W środę w Sejmie Prawo i Sprawiedliwość przegrało kilka głosowań. Posłowie przyjęli wniosek o odroczenie posiedzenia Sejmu. Zgodnie z harmonogramem po godz. 17 miały odbyć się głosowania m.in. ws. nowelizacji ustawy medialnej. Za odroczeniem obrad głosowało 229 posłów, m.in. pięcioro posłów Porozumienia, w tym lider partii Jarosław Gowin, przeciw - 227.
"Większość sejmowa, klejona błotem korupcji i szantażu, rozkłada się na naszych oczach.
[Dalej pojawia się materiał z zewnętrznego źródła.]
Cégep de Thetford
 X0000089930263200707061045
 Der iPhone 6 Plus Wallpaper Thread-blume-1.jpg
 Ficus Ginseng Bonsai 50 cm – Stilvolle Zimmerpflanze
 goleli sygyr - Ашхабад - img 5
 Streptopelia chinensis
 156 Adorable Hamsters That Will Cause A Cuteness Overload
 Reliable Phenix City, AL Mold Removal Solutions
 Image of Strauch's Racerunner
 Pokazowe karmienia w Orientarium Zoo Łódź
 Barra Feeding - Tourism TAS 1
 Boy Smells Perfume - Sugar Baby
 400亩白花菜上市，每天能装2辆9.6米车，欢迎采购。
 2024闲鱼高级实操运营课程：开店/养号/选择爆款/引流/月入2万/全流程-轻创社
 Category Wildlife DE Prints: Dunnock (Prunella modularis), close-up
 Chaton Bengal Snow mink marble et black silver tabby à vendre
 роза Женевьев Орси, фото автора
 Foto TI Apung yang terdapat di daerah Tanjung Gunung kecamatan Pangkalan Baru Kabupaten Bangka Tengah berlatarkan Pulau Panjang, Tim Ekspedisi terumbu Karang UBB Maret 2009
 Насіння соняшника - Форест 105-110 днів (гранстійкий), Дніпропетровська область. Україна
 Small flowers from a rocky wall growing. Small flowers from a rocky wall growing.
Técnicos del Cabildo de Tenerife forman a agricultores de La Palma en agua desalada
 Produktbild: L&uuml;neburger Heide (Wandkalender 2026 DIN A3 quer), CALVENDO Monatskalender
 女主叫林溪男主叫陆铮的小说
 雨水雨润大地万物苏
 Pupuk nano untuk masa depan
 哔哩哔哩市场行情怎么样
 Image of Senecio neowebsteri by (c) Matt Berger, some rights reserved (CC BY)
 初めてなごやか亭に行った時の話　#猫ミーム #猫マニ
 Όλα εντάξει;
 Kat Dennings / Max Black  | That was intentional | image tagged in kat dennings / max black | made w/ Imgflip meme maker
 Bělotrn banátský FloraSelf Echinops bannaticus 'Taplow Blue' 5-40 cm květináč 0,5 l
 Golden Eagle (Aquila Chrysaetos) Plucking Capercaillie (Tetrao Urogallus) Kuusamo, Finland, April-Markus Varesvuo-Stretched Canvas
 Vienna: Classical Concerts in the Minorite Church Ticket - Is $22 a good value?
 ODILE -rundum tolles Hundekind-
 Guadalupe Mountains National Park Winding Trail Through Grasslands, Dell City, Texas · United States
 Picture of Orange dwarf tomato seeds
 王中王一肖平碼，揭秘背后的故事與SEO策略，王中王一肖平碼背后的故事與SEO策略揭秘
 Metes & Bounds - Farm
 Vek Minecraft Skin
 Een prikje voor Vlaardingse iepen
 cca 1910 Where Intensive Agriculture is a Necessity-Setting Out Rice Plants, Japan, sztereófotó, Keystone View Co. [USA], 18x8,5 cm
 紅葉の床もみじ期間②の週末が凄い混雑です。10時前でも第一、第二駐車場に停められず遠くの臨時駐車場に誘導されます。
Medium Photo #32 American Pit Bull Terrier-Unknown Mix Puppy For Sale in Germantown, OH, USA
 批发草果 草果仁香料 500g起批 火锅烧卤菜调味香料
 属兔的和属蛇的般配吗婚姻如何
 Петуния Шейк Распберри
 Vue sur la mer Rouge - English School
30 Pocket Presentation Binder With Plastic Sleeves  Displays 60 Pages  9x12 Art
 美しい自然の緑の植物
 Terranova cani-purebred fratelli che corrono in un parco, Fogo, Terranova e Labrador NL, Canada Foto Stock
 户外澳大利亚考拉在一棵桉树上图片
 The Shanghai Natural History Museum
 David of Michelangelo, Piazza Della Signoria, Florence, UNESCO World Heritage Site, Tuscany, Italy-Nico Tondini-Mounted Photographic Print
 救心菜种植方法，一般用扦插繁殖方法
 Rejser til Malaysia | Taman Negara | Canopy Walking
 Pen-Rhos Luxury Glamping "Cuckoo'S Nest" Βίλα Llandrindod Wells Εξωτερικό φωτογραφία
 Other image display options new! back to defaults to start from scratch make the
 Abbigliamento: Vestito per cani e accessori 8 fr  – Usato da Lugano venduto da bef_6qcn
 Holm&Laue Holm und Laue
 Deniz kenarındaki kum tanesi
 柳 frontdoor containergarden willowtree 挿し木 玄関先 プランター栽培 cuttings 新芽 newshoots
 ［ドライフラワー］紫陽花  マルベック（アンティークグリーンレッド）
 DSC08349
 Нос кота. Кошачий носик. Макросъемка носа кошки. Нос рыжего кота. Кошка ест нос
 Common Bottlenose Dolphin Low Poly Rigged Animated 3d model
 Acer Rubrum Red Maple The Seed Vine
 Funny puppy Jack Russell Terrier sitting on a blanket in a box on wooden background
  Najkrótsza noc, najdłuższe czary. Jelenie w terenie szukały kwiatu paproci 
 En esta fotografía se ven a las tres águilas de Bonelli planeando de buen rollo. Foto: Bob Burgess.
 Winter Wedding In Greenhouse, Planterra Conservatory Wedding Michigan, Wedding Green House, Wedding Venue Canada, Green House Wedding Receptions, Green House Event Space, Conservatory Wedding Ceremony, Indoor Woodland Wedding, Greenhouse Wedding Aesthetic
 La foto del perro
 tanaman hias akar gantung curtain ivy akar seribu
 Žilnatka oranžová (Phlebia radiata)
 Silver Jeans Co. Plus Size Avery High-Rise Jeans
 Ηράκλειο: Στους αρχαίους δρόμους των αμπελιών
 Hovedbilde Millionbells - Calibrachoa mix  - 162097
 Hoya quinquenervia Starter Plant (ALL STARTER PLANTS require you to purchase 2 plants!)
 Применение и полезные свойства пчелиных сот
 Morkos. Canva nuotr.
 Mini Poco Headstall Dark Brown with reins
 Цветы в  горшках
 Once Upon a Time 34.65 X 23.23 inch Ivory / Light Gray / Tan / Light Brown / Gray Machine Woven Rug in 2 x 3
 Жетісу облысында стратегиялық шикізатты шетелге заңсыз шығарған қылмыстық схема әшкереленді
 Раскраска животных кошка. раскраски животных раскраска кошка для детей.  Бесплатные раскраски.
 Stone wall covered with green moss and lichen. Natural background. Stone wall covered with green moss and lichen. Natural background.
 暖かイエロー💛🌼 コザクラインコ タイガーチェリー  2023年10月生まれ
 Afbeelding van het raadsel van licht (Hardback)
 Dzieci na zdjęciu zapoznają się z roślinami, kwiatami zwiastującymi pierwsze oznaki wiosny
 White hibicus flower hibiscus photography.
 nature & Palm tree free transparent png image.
Może jeszcze jakiś czas trwać, ale nie jest już w stanie rządzić" - napisał Donald Tusk.
W głosowaniu wzięło udział 456 posłów. Za odroczeniem obrad głos oddało 229, przeciwko - 227. Nikt nie wstrzymał się od głosu.
Wnioski opozycji poparły całe kluby: Koalicji Obywatelskiej, Koalicji Polskiej - PSL, Lewicy oraz koła: Polski 2050, Kukiz'15 i Polskie Sprawy. "Za" głosowało także pięcioro posłów związanych z Porozumieniem (Jarosław Gowin, Stanisław Bukowiec, Iwona Michałek, Magdalena Sroka i Michał Wypij), troje posłów niezrzeszonych: Ryszard Galla, Monika Pawłowska i Paweł Zalewski, a także wszyscy obecni na sali posłowie koła Konfederacji.
Przeciwko wnioskowi KO i KP-PSL opowiedzieli się natomiast posłowie PiS (oprócz nieobecnych tego dnia w Sejmie: Violetty Porowskiej i Marka Wesołego) oraz dwóch posłów niezrzeszonych: Zbigniew Ajchler i Łukasz Mejza.
W głosowaniu, oprócz dwojga posłów PiS, nie wzięło udziału także dwóch posłów Konfederacji: Grzegorz Braun i Konrad Berkowicz (nie wzięli udziału w żadnym ze środowych głosowań).
Po głosowaniach marszałek Witek zwołała Konwent Seniorów.